You performed maintanance, updates, whatever and suddenly your vSAN configuration breaks. VM's start dropping like flies, nothing will come up.
Most of the time this is caused by an incomplete vSAN node configuration.
vSAN is very dependant on vCenter to send changes to every other node, if for some reason the vCenter loses connection while sending changes your vSAN will break.
The unicast settings will then have changed and be left in an incomplete state where some hosts will be missing. This can be fixed by manually configuring the Unicast settings to make the nodes find eachother again.
Step 1 - Access to ESXi hosts:
You need access to the ESXi hosts to make the changes via SSH. By default SSH is disabled so you need to enable it.
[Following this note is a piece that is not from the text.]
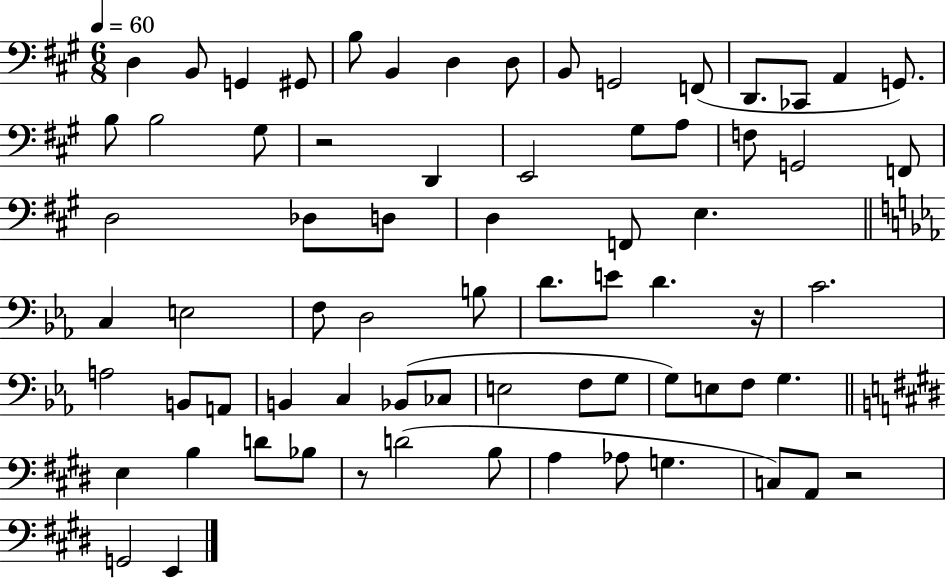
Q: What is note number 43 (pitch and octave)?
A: A2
- Login to the ESXi Host using your favorite browser
- On the top left menu select Manage
- Click on the tab Services
- Find the service TSM-SSH, select it and click on start
- Repeat step 1 to 4 for all the ESXi hosts you have including the vSAN witness server!
Step 2 - Collecting information:
In this step it's important to find out which node is missing what information and the current status. Without it, you wouldn't know what configuration changes you need to make.
- Connect to 1 of your ESXi hosts by SSH and use the following command to get the current status of your vSAN network:
esxcli vsan health cluster list
If anything related to vSAN show the status in Red then your vSAN has failed - Now connect to all your ESXi hosts by SSH and run the following command on all of them including the witness server:
esxcli vsan cluster get
There are three values you need to lookout for- Local Node UUID - Take a note of this, depending on what node is missing you will need this UUID
- Sub-Cluster Member count - This should the same number of nodes you have in your vSAN network including the witness server
- Sub-Cluster Member HostNames - This should contain the hostnames of all the vSAN nodes in your network including the witness server
- Now you need to check if the nodes are missing other nodes in the unicast, use this command on all your ESXi hosts:
esxcli vsan cluster unicastagent list
You should see a list with Node UUID's with their IP Addresses. The list should contain all your vSAN nodes minus the one you are currently SSH'd into, so if you have 5 nodes, you should see 4 nodes.
With the information collected, you need to make a comparison. For example, if 1 of the 4 nodes contain all nodes and nodes #2, #3 and #4 are missing node #1, then those nodes are at fault and needs to be fixed.
In this case you know that Node #1 is missing so take a note of that node IP address and Local Node UUID.
Step 3 - Fixing the problem:
Now you know what node is missing from the rest of the nodes, you can start fixing the issue.
- Connect to all ESXi hosts missing the vSAN node and use the following command to add it:
esxcli vsan cluster unicastagent add -t node -u <Local Node UUID> -U true -a <IP Address of Missing Node> -p 12321
This will add the missing node back in the Unicast list, thus restoring vSAN.
Step 4 - Checking vSAN:
You can use the following steps to check if your vSAN is functioning again
- Run the following command:
esxcli vsan cluster get
Check if the line Sub-Cluster Member count and Sub-Cluster Member HostNames now contain the right amount of nodes and their hostsnames. - Run the following command:
esxcli vsan debug object health summary get
Everything else should be 0 except for the line Healthy, this represents that your VM's are healthy and up and running. It's not the end of the world when other lines have a few objects in them. This might not be related to vSAN at all but something that's already present in your environment. - Run the following command: esxcli vsan health cluster list
Everything vSAN related should now report back Green. Anything else reporting red or yellow might not be related to vSAN but other problems you already might have. - Check vCenter, log in and see if you can manage your VM's.